Solicitor; Antiquarian; Archaeologist; Cornish Historian, Linguist and Scholar; author of several books on the history of Cornwall and its language; MA (Oxon.) 1960; Bard of the Cornish Gorsedd 1955; Fellow of the Society of Antiquaries 1967; President of the Royal Institution of Cornwall 1974-6.

Early Life

A scion of a Cornish industrialist family, Peter Pool was born in Eaglescliffe Co Durham, where his father was working as a research engineer with ICI before returning to the family firm in Hayle in 1940, when it was heavily involved in manufacturing munitions. He grew up in Penzance where he was educated at St Erbyn’s, before Brickwall, Sussex and Keble College, Oxford; followed by articles with a firm of London solicitors. There he joined the London Cornish Association, and learnt Cornish by correspondence with Robert Morton Nance, the second Grand Bard of the Cornish Gorsedd.

Cornish Activities

Peter Pool became a Bard of the Cornish Gorsedd in 1955, at the time the youngest to do so.

Returning to Cornwall, first with a firm in Bodmin, he then set up his own legal practice in Penzance.   He served the Cornish community as director of the family firm of manufacturing engineers established in 1848, as Chairman and Librarian of the Penzance Library, Vice-President of the Celtic Congress, President of Penzance Old Cornwall Society, and legal adviser to many organisations.
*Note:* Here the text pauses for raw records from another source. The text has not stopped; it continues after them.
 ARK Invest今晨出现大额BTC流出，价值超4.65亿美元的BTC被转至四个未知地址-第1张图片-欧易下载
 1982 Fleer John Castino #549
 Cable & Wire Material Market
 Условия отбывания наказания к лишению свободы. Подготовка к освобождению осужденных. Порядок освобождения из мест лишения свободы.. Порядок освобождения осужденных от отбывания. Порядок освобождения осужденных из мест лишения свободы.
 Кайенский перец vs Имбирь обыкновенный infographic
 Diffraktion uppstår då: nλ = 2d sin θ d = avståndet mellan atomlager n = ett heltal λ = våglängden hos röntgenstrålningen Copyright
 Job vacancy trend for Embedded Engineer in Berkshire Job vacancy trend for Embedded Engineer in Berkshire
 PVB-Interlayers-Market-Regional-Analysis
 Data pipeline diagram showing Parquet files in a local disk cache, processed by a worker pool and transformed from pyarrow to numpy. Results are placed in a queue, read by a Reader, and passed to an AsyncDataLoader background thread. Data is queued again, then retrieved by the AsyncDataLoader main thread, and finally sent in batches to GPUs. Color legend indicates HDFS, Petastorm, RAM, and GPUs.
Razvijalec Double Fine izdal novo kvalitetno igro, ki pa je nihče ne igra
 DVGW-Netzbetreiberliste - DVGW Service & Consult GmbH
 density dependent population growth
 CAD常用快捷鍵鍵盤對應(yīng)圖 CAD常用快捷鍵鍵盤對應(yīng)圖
From 1974 to 1976 he was President of the Royal Institution of Cornwall and, as Editor of its journal, was twice awarded the Henwood Medal for research.

Moving to Zennor, he immersed himself in its history and became an authority on the parish, publishing The Life and progress of Henry Quick, the peasant poet of Zennor, and editing The Diary of James Stevens, a Zennor farmer, which was one of the first Cornish books to deal with agricultural life in the last century. After moving back to Penzance, he wrote The History of the Town and Borough of Penzance in 1974, and in 1988 was made an Honorary Freeman.

Trenchant in his opinions, one of Peter Pool’s last booklets was The Second Death of Cornish (1995), where he attacked others who believed that Unified Cornish, the language as formulated in the 1920s by Robert Morton Nance, needed drastic and sweeping changes. It was a strong plea for careful and considered research first. He was a founder member of Agan Tavas ("Our Tongue"), an organisation promoting Unified Cornish

Personal Life

Peter Pool married Audrey Humphris in 1965.   There were no children.